You can learn more about this in our guide on the best practices for international SEO.
9. Tag and Category Pages
Many blog sites have both tags and category pages, which simplifies content discovery and makes for a more enjoyable user experience.
Search engines, however, may recognize some of these pages as duplicates, especially for categories and tags that are too similar.
What is the solution to duplicate content caused by tag and category pages?
Use the meta robots tag “noindex” to instruct Google not to index certain category and tag pages, particularly those with too little on-page content to describe it accurately to crawlers.
10. Print Versions
Generally found on online news publications, print versions are reproductions of a webpage’s content—minus the images and styling elements.
Often, however, clicking on the print button would lead you to a separate URL (e.g., www.example.com/news-today/print) with the print version of the page. Subsequently, search engines may confuse between the print and original versions and consider them duplicated on two separate pages.
What is the solution to duplicate content caused by print versions?
Whether you have set up a different URL or parameters for the print version of your page, you should also set up self-referencing canonicals that point to its original version.
11. Different Desktop & Mobile URLs
Some sites may have mobile and desktop versions that share similar content but have different URLs, such as:
- www.example.com/m.html (desktop version)
- www.example.com.html (mobile version)
This, too, can confuse search engines and lead to duplicate content issues.
What is the solution to duplicate content caused when URLs differ for desktop and mobile?
Ideally, sites should have the same URLs across all devices. In other words, there is no need to create a separate mobile site—you should instead adopt a responsive site design that can identify the user’s device and adjust the style elements accordingly.

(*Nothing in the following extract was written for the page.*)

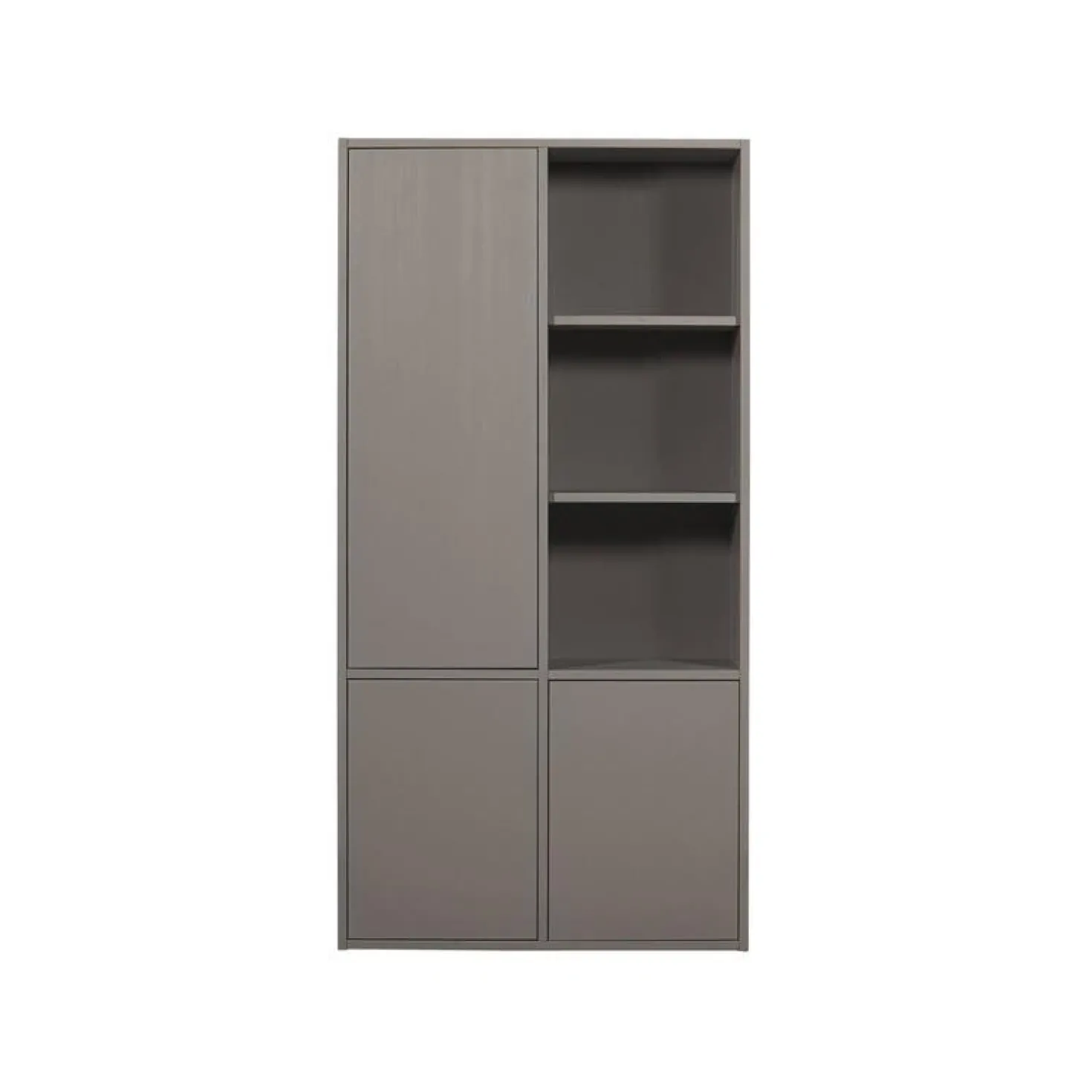 Merel Opbergkast Dennenhout Warmgrijs 100cm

Pagination occurs when you separate your content—especially long-form blogs, news articles, or product listings—into multiple discrete pages to break it up. And although each page may contain different content, Google may still detect them as duplicates since they all focus on the same topic with very similar wording.
What is the solution to duplicate content caused by pagination?

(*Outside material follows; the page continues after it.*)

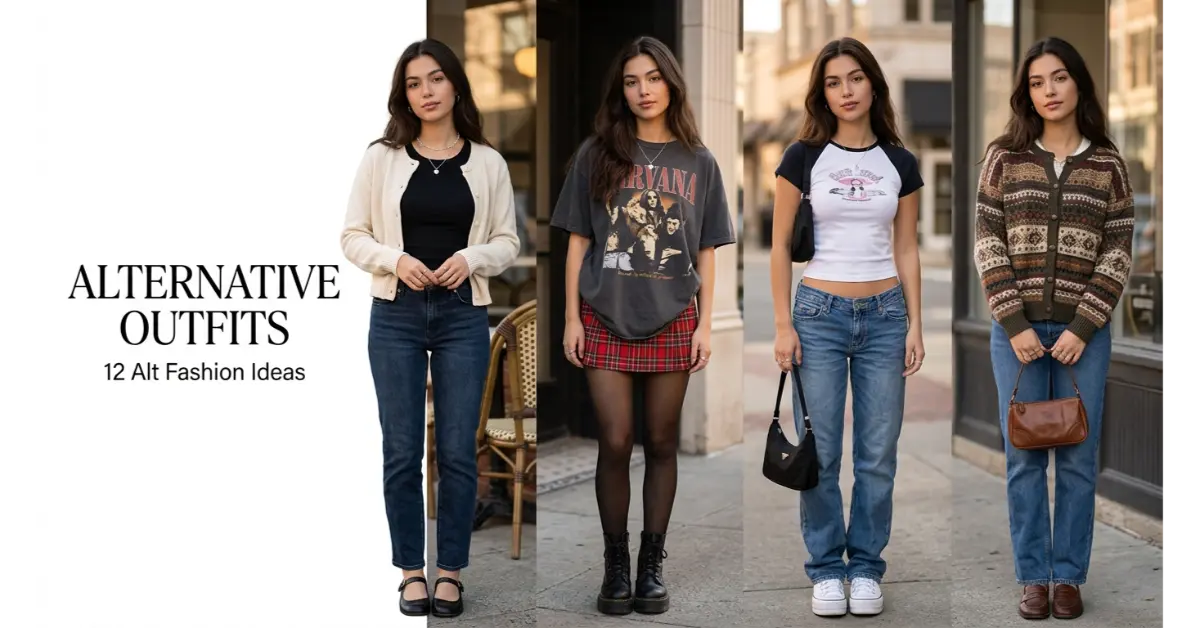 Alternative Outfits: 12 Alt Fashion Ideas for Every Style 4 alternative outfits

There are several solutions to fix pagination issues.
One option is optimizing the root page you want to rank for on the SERP while de-optimizing the other consecutive pages. You can do this by updating the H1 tags and adding relevant and quality content—including images with optimized alt text—unique to the root page.
You can also enter the URL parameters for pagination into Google Search Console to help Google understand what they are for and what to do with them.
13. Similar Product Names
Duplicate issues may arise when different products share similar product names, which regularly transpires in online marketplaces where users buy, sell, and list products.
Let’s assume that two sellers are listing two different items but name them too plainly (like “white sneakers”) such that they duplicate each other. So, when their product listings go live, their URLs and title tags become too alike:
Therefore, if a product page has too similar product naming conventions as other related product listings, search engines will likely identify them as duplicates.
What is the solution to duplicate content caused by similar product names?
Add a unique identifier in the title tag. For instance, you can attach a unique product number to each listing or use a seller name or ID. Additionally, you can mandate that other sellers change their product name if it already exists in the database.
Ultimately, each product has its unique selling points, so differentiate your listing by highlighting these to stand out among competitors.
And there you have it! With solutions to the 13 most common duplicate content issues, as well as an understanding of their causes, you should be well-equipped to improve your site rankings and optimize your UX against duplicate content.
Remember that the best way to avoid duplicate content altogether is by creating unique content and maintaining a clear site structure that both users and search engines can easily understand.